Data below:

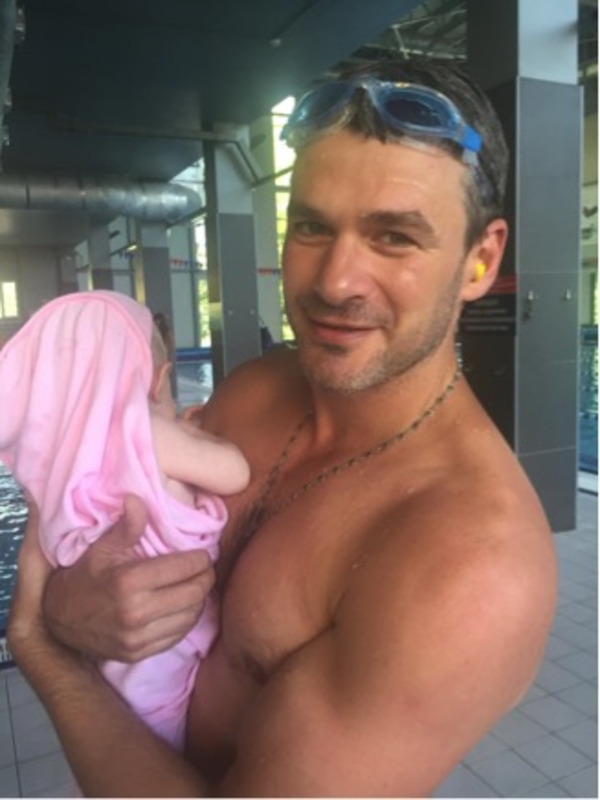 Арсен Мирзоян приучает полугодовалую дочку к спорту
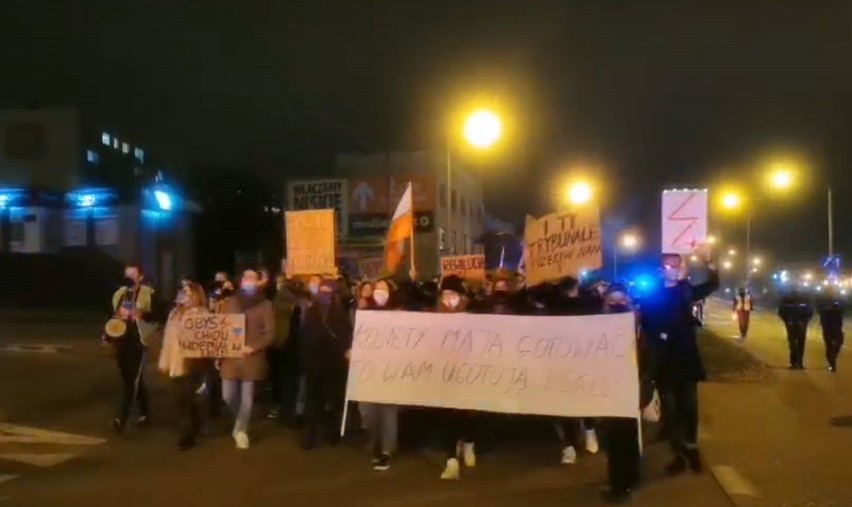 Głośny protest w obronie praw kobiet w Starachowicach. Było ponad tysiąc osób!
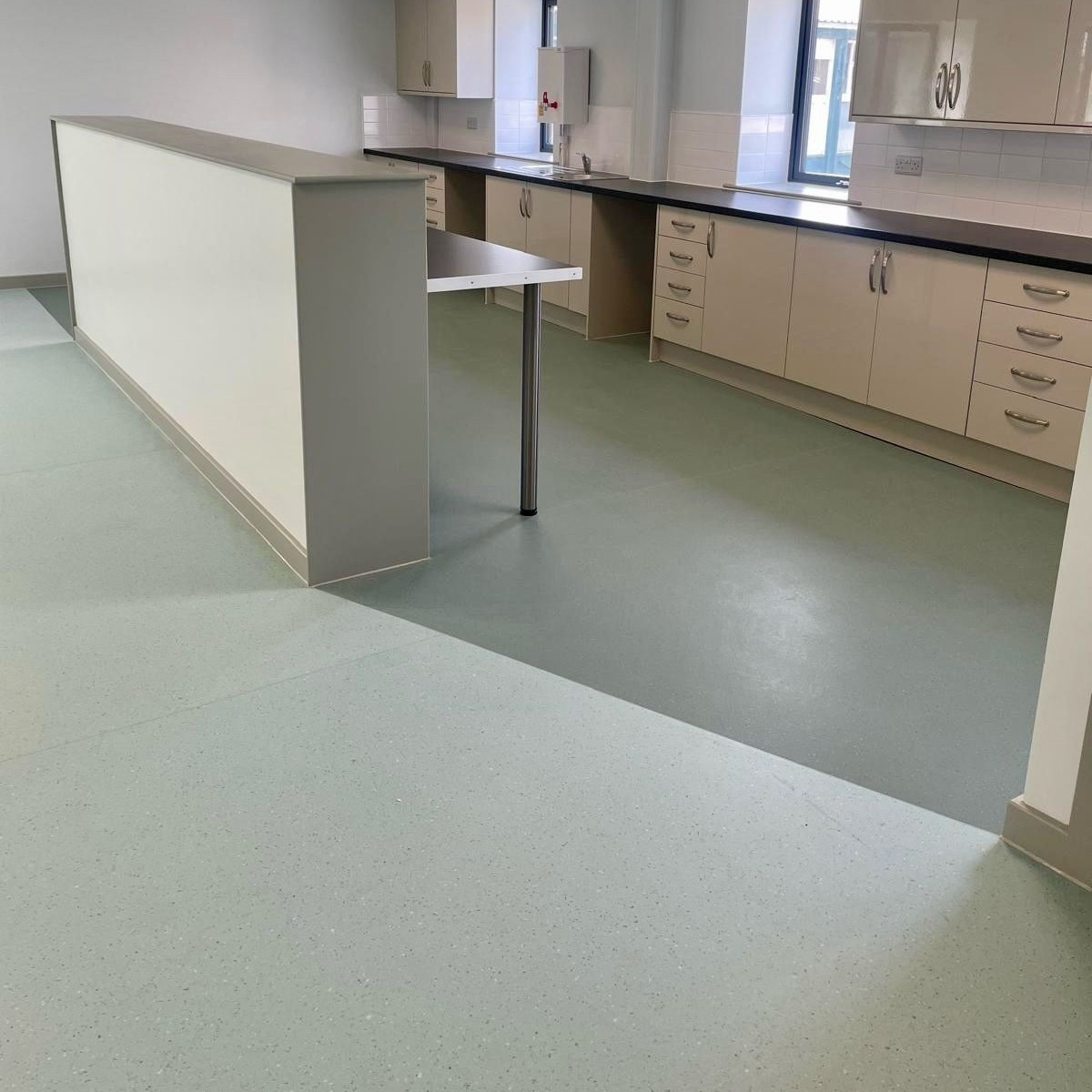 Sàn Nhiều Lớp HET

Exercise directions: Make an exact copy of the listing above, omitting the pictures.

Task solution:
 Арсен Мирзоян приучает полугодовалую дочку к спорту
 Głośny protest w obronie praw kobiet w Starachowicach. Było ponad tysiąc osób!
 Sàn Nhiều Lớp HET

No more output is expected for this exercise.